The Devil’s Fractal is album number two from this US black metal wizard Andrew Markuszewski. While he’s also a contributing member of post-punk and progressively-inclined underground metal superstars Nachtmystium, his releases under the Avichi moniker comprise infinitely sterner and bleaker sermons, with a core sound closer to the primal thrust of orthodox black metal (along with a welcome dose of avant-garde thematic complexity).

If you’re a follower of the darker realms of metal you’ll have no doubt noticed there’s been a stack of stellar releases over the last few years that have grasped the chilling historic Norwegian aesthetic and combined it with a renewed, determined effort to push the scene forward (to much displeasure from some quarters, it must be noted). Much like US outfits Agalloch, Krallice, Wolves In The Throne Room and Woe, or European bands such as Aosoth, Deathspell Omega, Aenaon or Blut Aus Nord, Avichi walks the traditional path laid with foundational stepping-stones of raw fury. But with similar ambitions to those bands, Avichi offers a discerning, immaculately presented album that is saturated in varying sonic and lyrical densities.

If you like your black metal crude and lo-fi, then The Devil’s Fractal is not the album for you. There is plenty of blasting, blasphemy and brutality on offer, but this is an album produced with great care and maturity. Markuszewski, who performs all vocals, guitars, synth, and bass on the album,**with Charlie Fell handling the drums, has gone to great lengths to ensure the album’s overall sound is not remotely understated. The guitars are all upfront, crisp and clear, and while there are frenzied chords a ringing and riffs galore, they’ve been captured pristinely. The drums, which have to be mentioned, are incredible, carrying a palpable weight, and the rasping and guttural vocals are (surprisingly) understandable—no doubt due Markuszewski’s intent that the overall theme is clearly understood. Making great use on some songs of Middle Eastern timbres, à la Melechesh, to bring those archaic mystical themes to the fore, this is a sonically sophisticated and multilayered album. It’s all the better for it—were it unrefined, it would lose a great deal of its impact.

Thematically, Avichi takes things to a whole new level with a multi-posited, metaphysical take on the dark lord. It suits the music within perfectly of course, but it’s no one-dimensional romp through any tired satanic metal clichés. The lyrics are insightful and philosophical and form a core part of the album’s overall success (and at this point I should mention the album’s cover, which is exquisite).

Ending the album with the near 20-minute chaotic couplet of “The Devil’s Fractal I” and “The Devil’s Fractal Il” proves that Avichi can not only come up with a fittingly epic and spellbinding finish to match the**sinister overarching themes, but also is clever enough to ensure you are left with an album just as barbed and tempting as Satan himself.

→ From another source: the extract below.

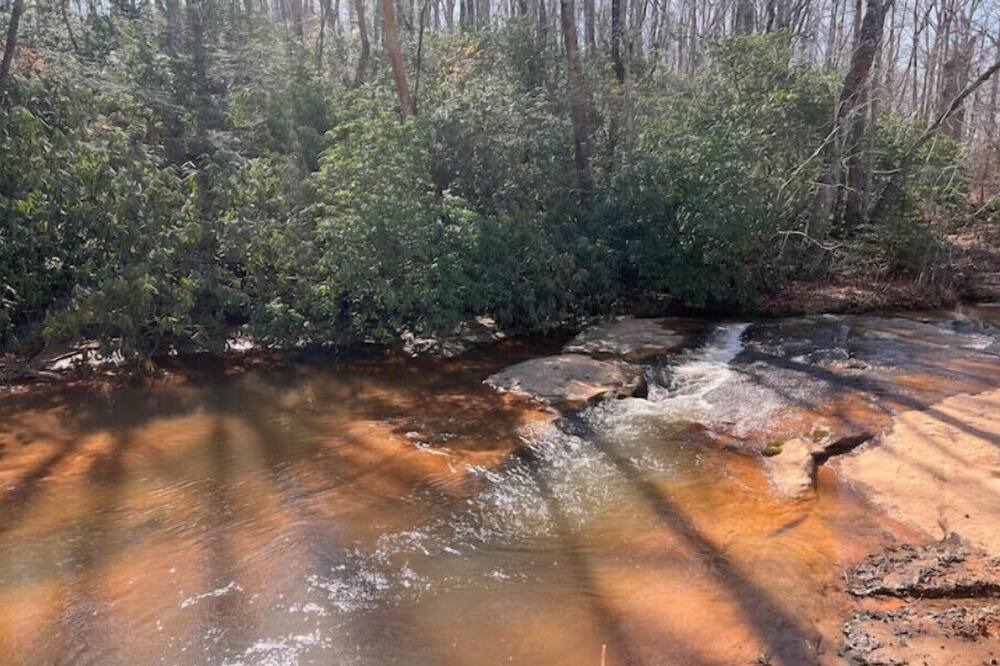 Photo of Outdoor in Tigerville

The Devil’s Fractal has to leave a raft of other black metal bands weeping. While admittedly a challenging listen, with dramatic shifts in mood and temperament, it is a superb example of an album that flawlessly conjures up one man’s singular vision. I’ll be heartily recommending this to everyone, even folks who’ve sworn off black metal. The list for black metal album of the year is getting awfully crowded but, whatever the eventual outcome, Avichi is assured a top spot.